Im not a beginner in working out, i played football where we did the standard bench, military press, deadlifts thing, and lower body squats and whatnot...the reason im so skinny now is because i did heavy cardio along with bodyweight exercises, i was in basketball at the time.

datboi 09-24-2012 07:54 PM

Didnt mean for that to come off rude, i meant im not a beginner, but im certainly not a pro...probably someone inbetween begineer and knows what hes doing

leefarley 09-26-2012 01:28 PM

punching power what you talk is developed through learning proper technique and practicing that technique through hours and hours of training not by lifting weights all tho that will help with strength,you need to find a boxing coach.

bruteforce 09-26-2012 01:52 PM

Power comes from the base. Build a strong core and brutal legs. I'll let Jim Wendler take it from here.

Below is an article from Jim Wendler posted at T NATION | The Intelligent and Relentless Pursuit of Muscle

A how-to guide to keeping the predators at bay.
During an academic conversation with my friend Matt Vincent, the issue of being strong and awesome came up as a topic, as it always does. Matt shares a lot of the same ideas about training, life and our love of our big Bear friend, Jason Pegg. Two topics were of note. The first was how to avoid being raped and the second was how to train if we knew the apocalypse was coming. This spill is on the former.

First, you gotta have some strength in the legs and hips . This is paramount when you initially have to take an athletic stance to not be thrown down. Keep the legs strong and bent and in an athletic position. You need to learn to brace yourself against the agitator. Solution: Squats and Deadlifts

Second, you need to combine this lower body work with strong shoulders and lats.
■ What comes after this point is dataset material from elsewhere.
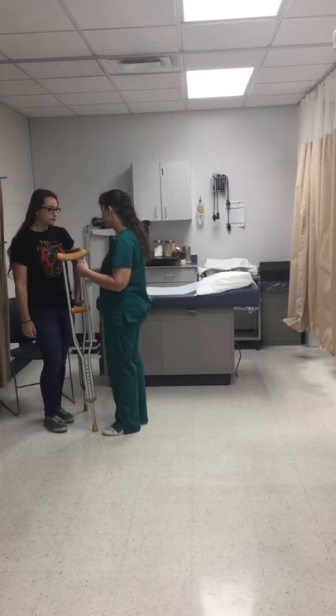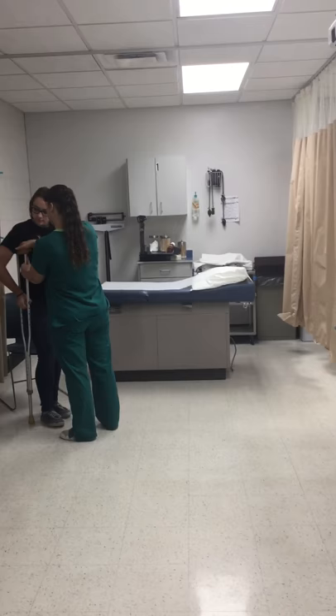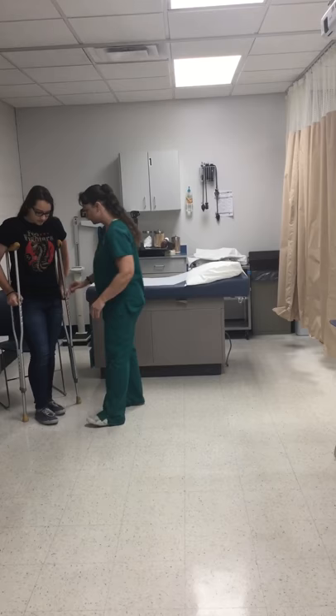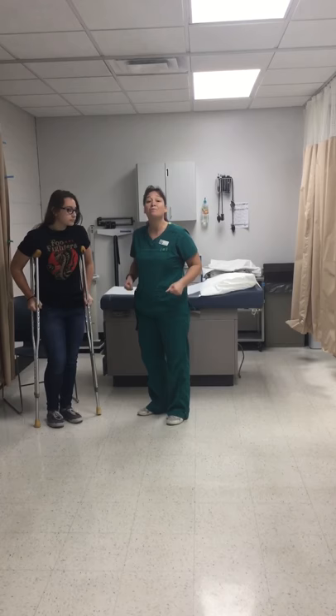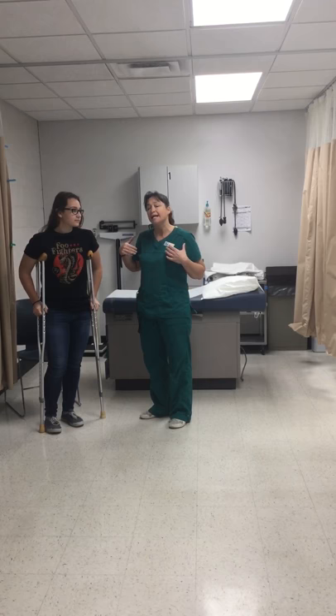Let's see how these fit for you, Erin. Let me know if they bother your armpit — they might be a little bit high. We want to make sure the patient's elbows are bent at between 15 and 30 degrees, somewhere around a 20-degree angle. These look pretty good because we want her weight on her hands, not her armpit. If she puts weight on her armpits it can cause problems with circulation, nerve damage, etc.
This will allow you to engage and toss the foe once your base has been set . Solution: Pressing, chins, and rows.

Third, you must have good grip and arm strength. Grabbing cloth, arm or a throat to dissuade the penetration is a good way of warding off the attack. Solution: high rep DB rows, curls, towel/rope chins.

Fourth, you need to have a strong core to maintain balance during the struggle. Solution: Deadlifts, good mornings, back raises, hanging leg raises, sit-ups and the ab wheel.
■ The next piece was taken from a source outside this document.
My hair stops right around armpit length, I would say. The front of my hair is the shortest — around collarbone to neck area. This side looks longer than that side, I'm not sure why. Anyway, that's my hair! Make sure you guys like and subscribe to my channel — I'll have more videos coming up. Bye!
Fifth, you need some footwork to shuffle and move quick to avoid anal assault. Solution: Jumping Rope

Finally, you need to be in some kind of decent shape - this is not a marathon fight (few are, no fights are 3 rounds like the UFC fighters engage in). I recommend short bursts of physical activity. Solution: Prowler and hill sprints.

In addition, Matt pointed out to me that while a smaller man may be more agile, a bigger, stronger man is always harder to contend with.
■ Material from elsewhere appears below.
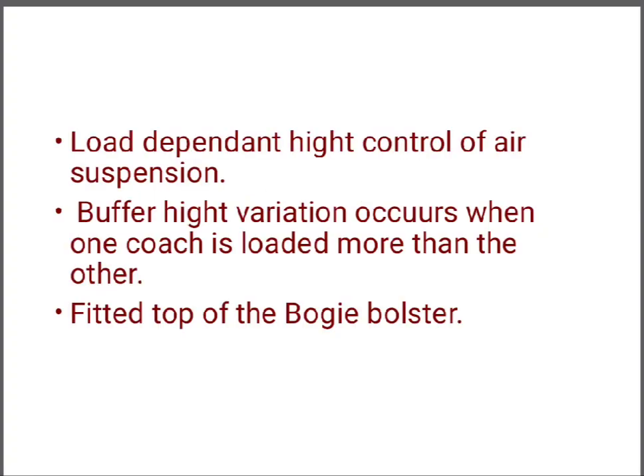Hi friends, in this video I am going to describe the leveling valve that is used in Indian Railway. First of all, we should understand why the leveling valve is used. It is used for the height control of an air suspension system.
datboi 09-29-2012 11:45 AM

woah bet no ones ever raped you

5kgLifter 09-29-2012 05:11 PM

Do you actually box? You never mentioned that point and it's an important one because a skill can only be improved upon if practised, all the bench pressing and weight training in the world will be of no use if the person doesn't use the techniques regularly since most artforms (fighting and otherwise) come down to skill which results from practice of that skill.